Assignment. When copying the data below, keep only the lines from the one with "You've now created" through the one with "An example would", word for word, and skip the pictures.

Collected data:
+ + + +

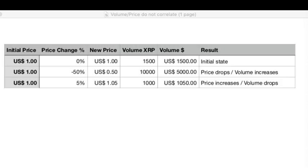In another example, we could assume that from the initial price of one dollar we have a five percent increase, but there are not many people willing to buy XRP. So just 1000 XRP volume is traded, which will end up in a dollar volume of 1050 — which is lower than the initial volume.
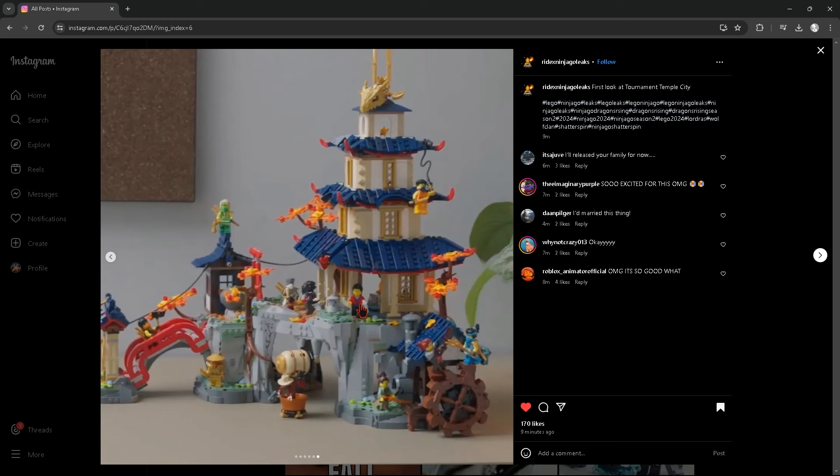I can also manage to get the tournament battle arena, which also comes with Sora, Kai, Evil J, and Tox. That way I can get all of the ninjas in their tournament outfits, and of course, the two returning Elemental Masters and the villains. That's going to be great to get.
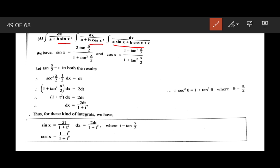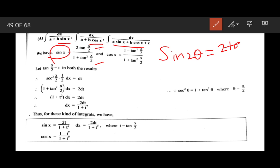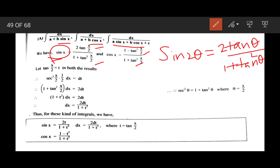For this type of sum, what we are going to do is substitute sin x as 2 tan(x/2) upon 1 plus tan²(x/2). We know the formula: sin 2θ equals 2 tan θ upon 1 plus tan² θ. So we substitute sin x as 2 tan(x/2) upon 1 plus tan²(x/2), and cos x as 1 minus tan²(x/2) upon 1 plus tan²(x/2).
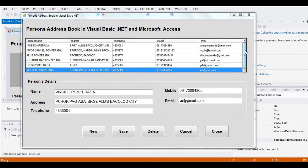Hi there everyone, this is your friend Jack. In this tutorial video, I will show you how a person's address book in Microsoft Visual Basic .NET and Microsoft Access works, and how to create this program. I will demonstrate how the program works and briefly discuss the code.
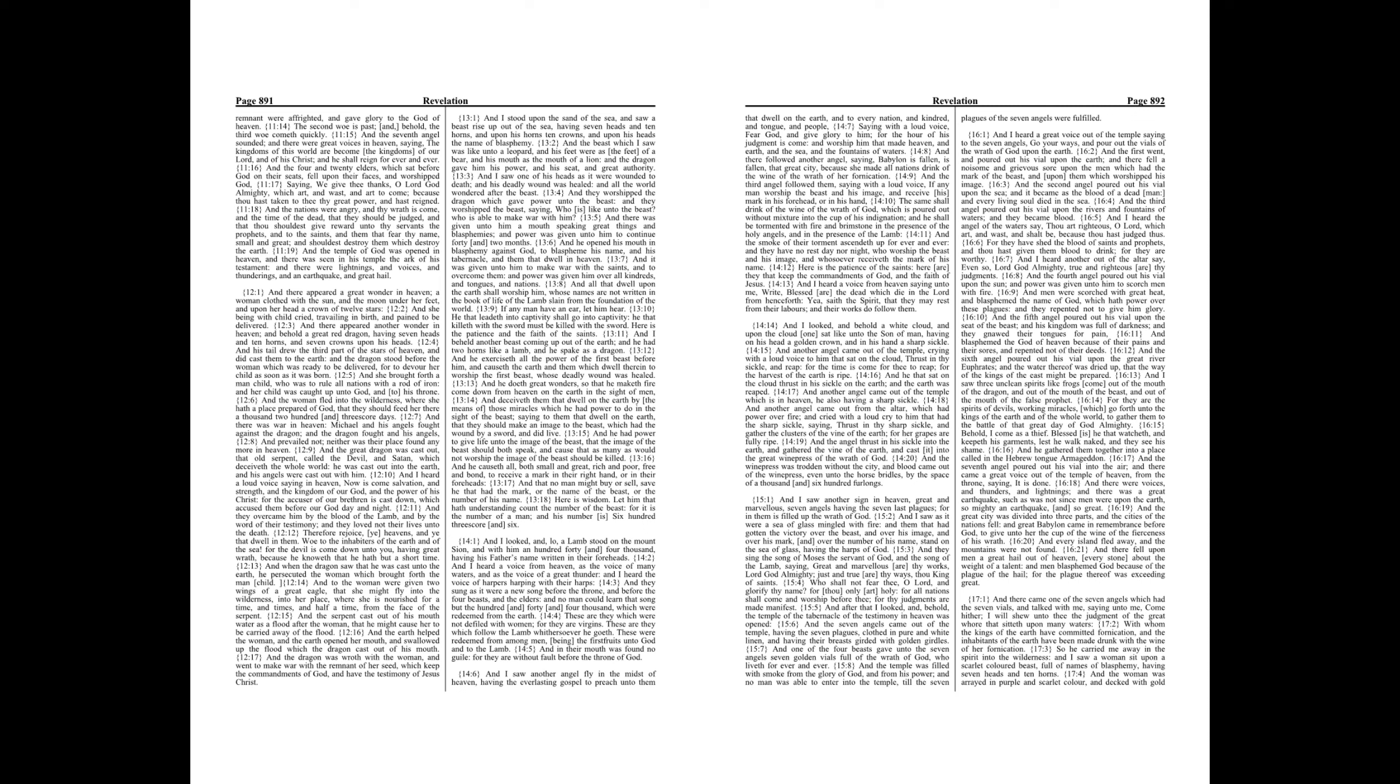And I heard a loud voice saying in heaven, Now is come salvation, and strength, and the kingdom of our God, and the power of his Christ. For the accuser of our brethren is cast down, which accused them before our God day and night. And they overcame him by the blood of the Lamb, and by the word of their testimony, and they loved not their lives unto the death.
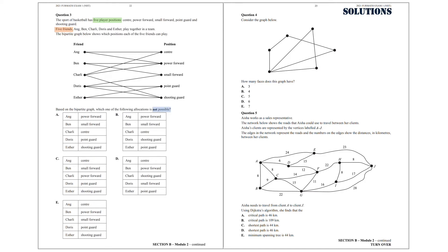Let's start with Option A. Eng plays power forward, Ben plays small forward, Charlie plays center, Doris plays point guard, and Esther plays shooting guard. So this allocation is possible. Let's check Option B. Eng plays power forward, Ben plays small forward, Charlie plays center, Doris plays shooting guard, and Esther plays point guard. So this allocation is possible as well.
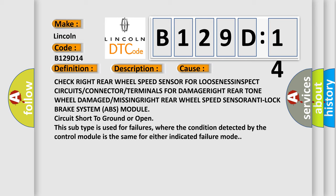Check for damaged or missing wheel speed sensor. This subtype is used for failures where the condition detected by the control module is the same for either indicated failure mode.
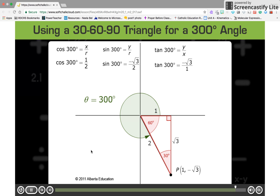Finally, negative root 3 divided by 1 is simply equal to negative root 3.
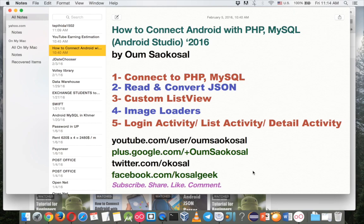Hello everyone, my name is Omsa Guzal. Today I'm going to talk about how to connect Android with PHP and MySQL, and after that I will show you how to read JSON from PHP and convert it to an object in Android, use that object for a custom list view, and also how to read an image from a URL.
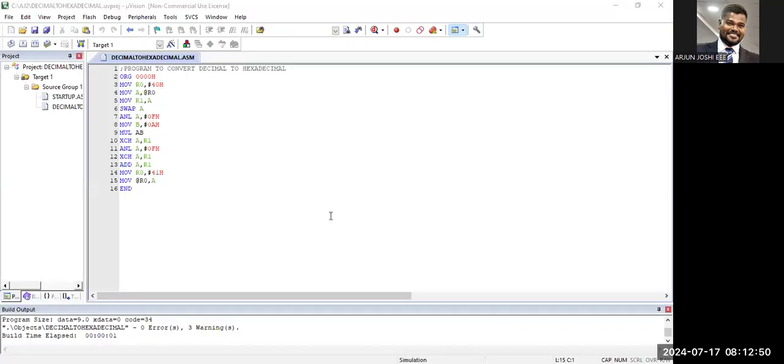Welcome to the playlist of Microcontroller. The subject code is BWE403. Now let's understand how to run the program to convert decimal to hexadecimal value. I'm not going to explain the program here, I'm going to concentrate only on how to run the program.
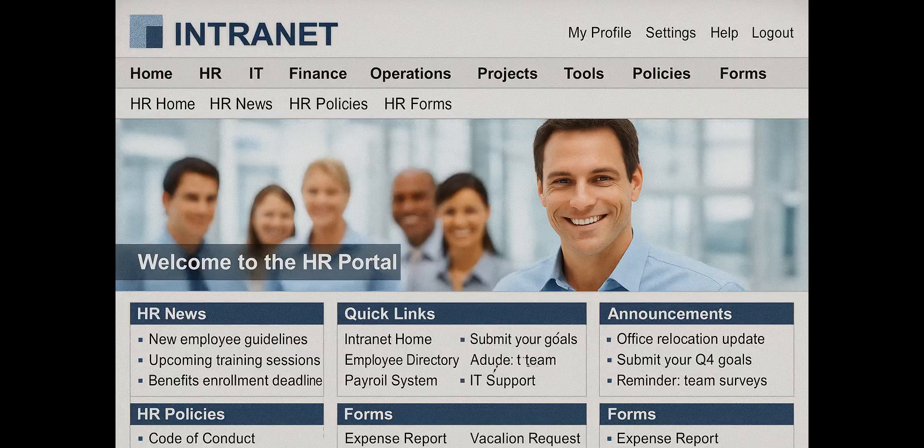Most intranets don't fail because the tech is bad, they fail because they're painfully hard to use. Hey everyone, I'm Yaro from Origami. I've been building SharePoint intranets for almost 20 years now, and I promise you I've seen it all.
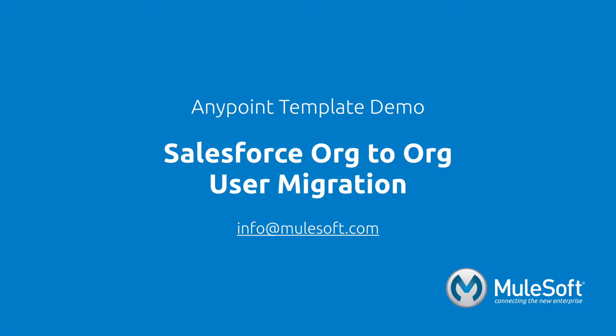Today, we've shown you our Salesforce to Salesforce user migration template and migrated users from one organization to another. To find out more about the template, follow the view documentation link on the template's detail page. Give the template a try, and if you have any questions or feedback, please send it to info at mulesoft.com. Thank you.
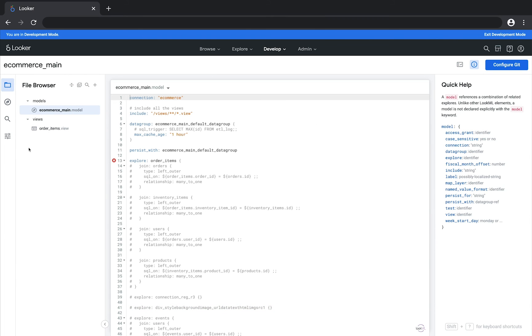You've now created a new LookML project and are well on your way to writing your own LookML.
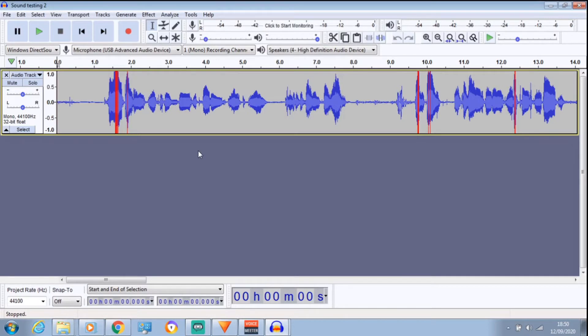Hello, this is a video on Audacity — a video on how to make your audio sound better, essentially.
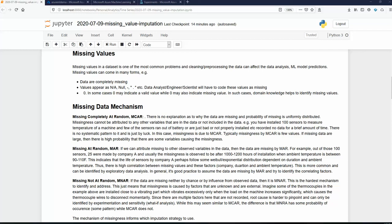An example would be: let's say you have a thermocouple attached to a machine and you're recording temperature. Maybe when you look at the data later, there are a few values that have gone missing. It could be any number of reasons — the battery has died, there's a loose connection — but there is nothing in the data or other variables that you can look at to say that's what's causing it. Usually when data goes missing by MCAR, it's fewer in number, so it's easier to identify because you can't really find a correlation between that and the rest of the variables.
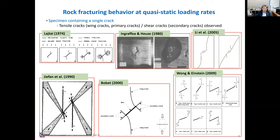Regarding rock fracturing behavior at quasi-static loading rate: rock contains discontinuities at all different scales, including micro cracks, foliation, joints, and faults. Intact rock contains cracks and pores, and their behavior under load is of interest. Many works were carried out by observing a single crack in rock and artificial materials. Under load, the stress concentration is largest at the crack tips, and crack propagation starts from the tips, where a process zone is created. The crack will propagate as a tensile wing crack parallel to the maximum principal stress, or as a shear crack parallel to the crack orientation, depending on the crack inclination angle.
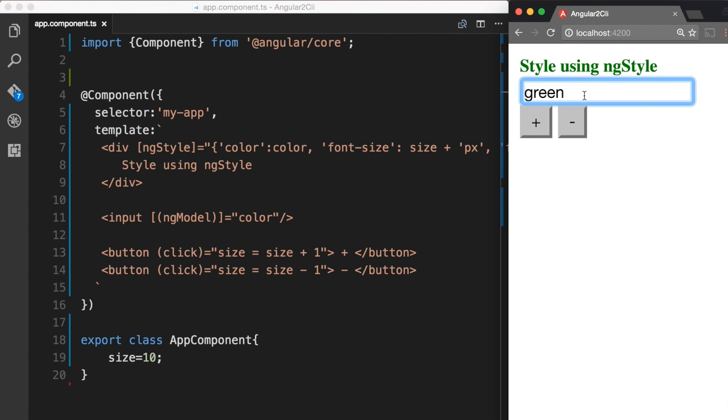ngStyle attribute directive is a great way to set inline styles dynamically.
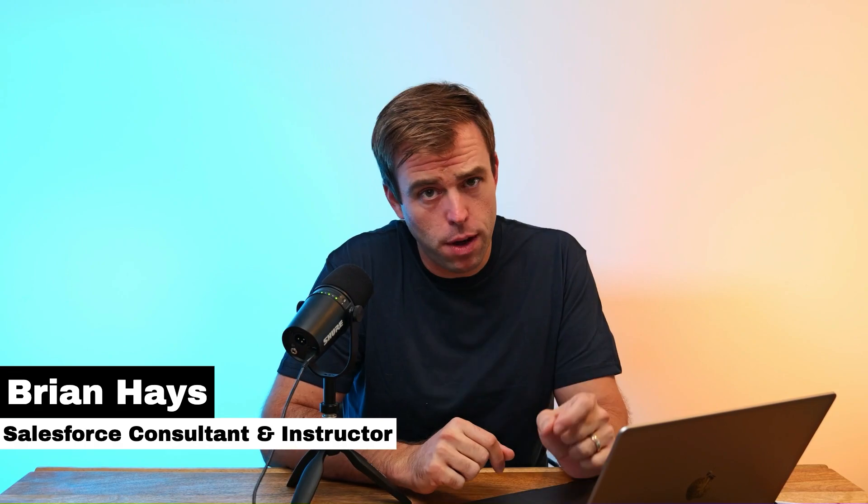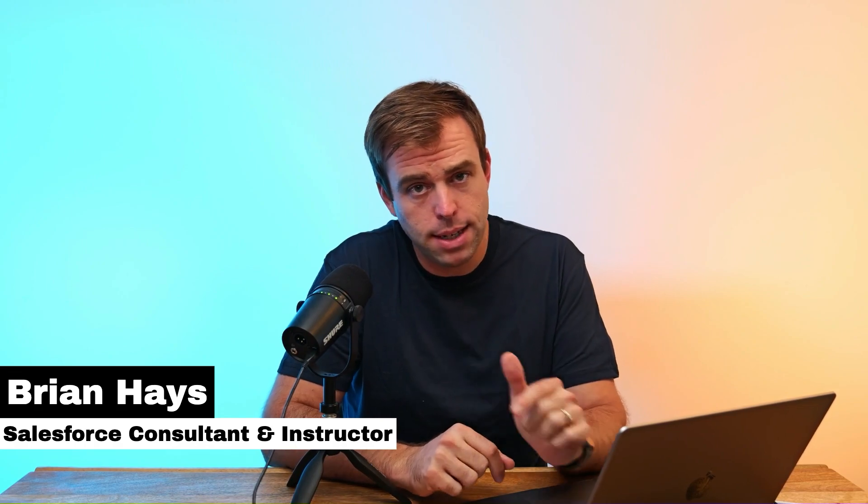Welcome back to Automation of the Week. My name is Brian Hayes, and today I want to show you how you can trigger a flow when a lead is converted.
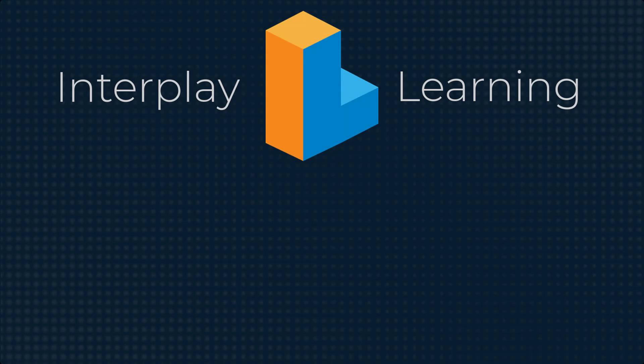You can try our on-demand VR enabled learning for HVAC by signing up for a free trial. Go to interplaylearning.com to get started.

+ + + +

Result.
You've now created a new LookML project and are well on your way to writing your own LookML.
Hello, this is a video on Audacity — a video on how to make your audio sound better, essentially.
An example would be: let's say you have a thermocouple attached to a machine and you're recording temperature. Maybe when you look at the data later, there are a few values that have gone missing. It could be any number of reasons — the battery has died, there's a loose connection — but there is nothing in the data or other variables that you can look at to say that's what's causing it. Usually when data goes missing by MCAR, it's fewer in number, so it's easier to identify because you can't really find a correlation between that and the rest of the variables.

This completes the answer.